Climatic Change: Glacial Lakes in Other Kashmir Bursting, Triggering Destruction




Glacier River In Baltoro, Gilgit.
Glacier River In Baltoro, Gilgit.

On the climatic change front, Ladakh is not alone. Its counterpart desert on the other side of the LoC is also facing serious crisis. Latest is that Pakistan Meteorological Department (PMD) has declared thirty-six glacial lakes in Gilgit-Baltistan as “dangerous”. Infact, seven of these valley lakes are considered to be posing serious threat to the people.

After a series of flash floods triggered by monsoon rains and melting glaciers wreaked havoc on the infrastructure in the remote region, PMD has started sending missions and studying the situation.

“These lakes carry the risk of outburst,” PMD Director General Dr Ghulam Rasul was quoted saying in a seminar ‘Disaster awareness and the role of the media’. “If that happens, it could cause severe damage to lives and properties.”

Valleys of Gilgit-Baltistan and Chitral, part of the erstwhile J&K, are fascinating deserts with a different agro-climate which is more closer to Ladakh. These regions have nearly 7000 glaciers and 3044 glacial lakes located within Karakoram, Himalayan and Hindukush ranges.

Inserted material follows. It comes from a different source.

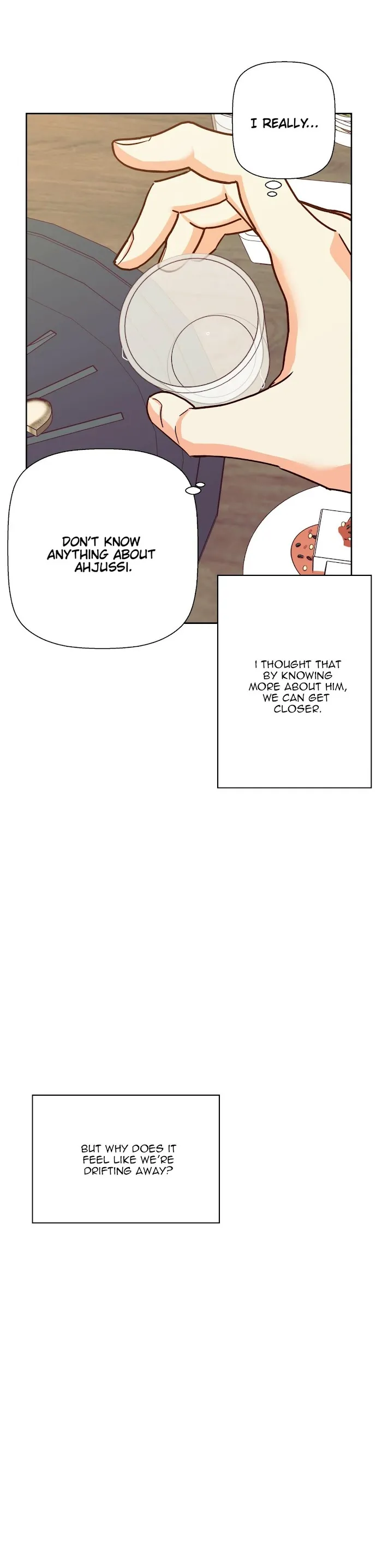 Dangerous Convenience Store - Chapter 43 Page 17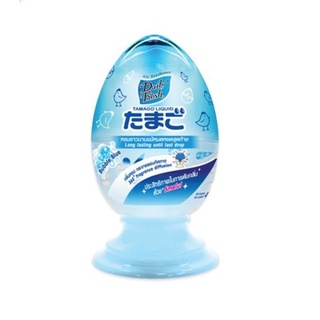 น้ำหอมปรับอากาศ DAILY FRESH TAMAKO 440ml BUBBLE BLUE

PMD has already set up an early warning system for glacial outburst in Bagrote valley of Gilgit-Baltistan. Earlier, a similar system was installed in Chitral. It is also planning setting up a PMD sub-office in the region.

A view of Gilgit valley.
A view of Gilgit valley.

The region has been witnessing frequent flash-floods. The last serious crisis was in early May 2014 when two glacial lakes burst out causing flash floods and disrupting traffic on Karakoram Highway (KKH). It was Hussaini glacier in Gojal Valley that runs for nearly 20 Kms atop for almost 20 kilometer along the highway and it burst at four places. This burst forced suspension on traffic at KKH between Gulmit and Passu for several hours.

As the repairs started, another glacial lake burst its banks in Bargot Valley the next week. This discharge impacted six villages down below.

It was in the immediate follow up of these two breaches that PMD send its experts to study the situation. They found that the region has witnessed a rise in temperature by 1.5 degree centigrade between 1990 and 2010. This temperature is adding to the pressures of fragile ecology of the place.

The peculiar problem these belts are facing is that most of the glaciers are located in lower valleys which are located barely a kilometer away from the human settlements. Unlike Nepal where glaciers are located over 4500 meters above the sea level, in Gilgit-Baltistan it is barely 2300 meters.

The two most precariously lakes changing fast because of climatic change include the Gharko Lake which has a size of 100 x 77 meters with a depth of nearly 27 meters. Another is Hinarchi Lake.

A view of peaks in Gilgit.

“Two years ago, the Buni glacier outburst caused extensive damage to houses in its path. Gulkin glacier, close to the Karakoram Highway, bursts out frequently and now regularly feeds the Attabad Lake in Hunza,” said Rasul was quoted saying, asserting that the lake was formed in 2008.

In 2001, there were 52 such lakes which were cause of concern and now the numbers have gone down to 36. PMD says some of these lake formed by the glacial melt have actually disappeared. While lake disappearing process continues, in Chitral and Hunza area, four new lakes were formed. These phenomenon’s are being studied under United Nations Development Programme (UNDP) $4.1 million project that was initiated in 2011.

Pakistan’s Northern Areas are following a situation that exists in Ladakh. For the last few years, Ladakh is reporting frequent flash floods in Leh as well as in Kargil. In fact in 2010 autumn, Leh suffered extensive human losses in a cloud burst.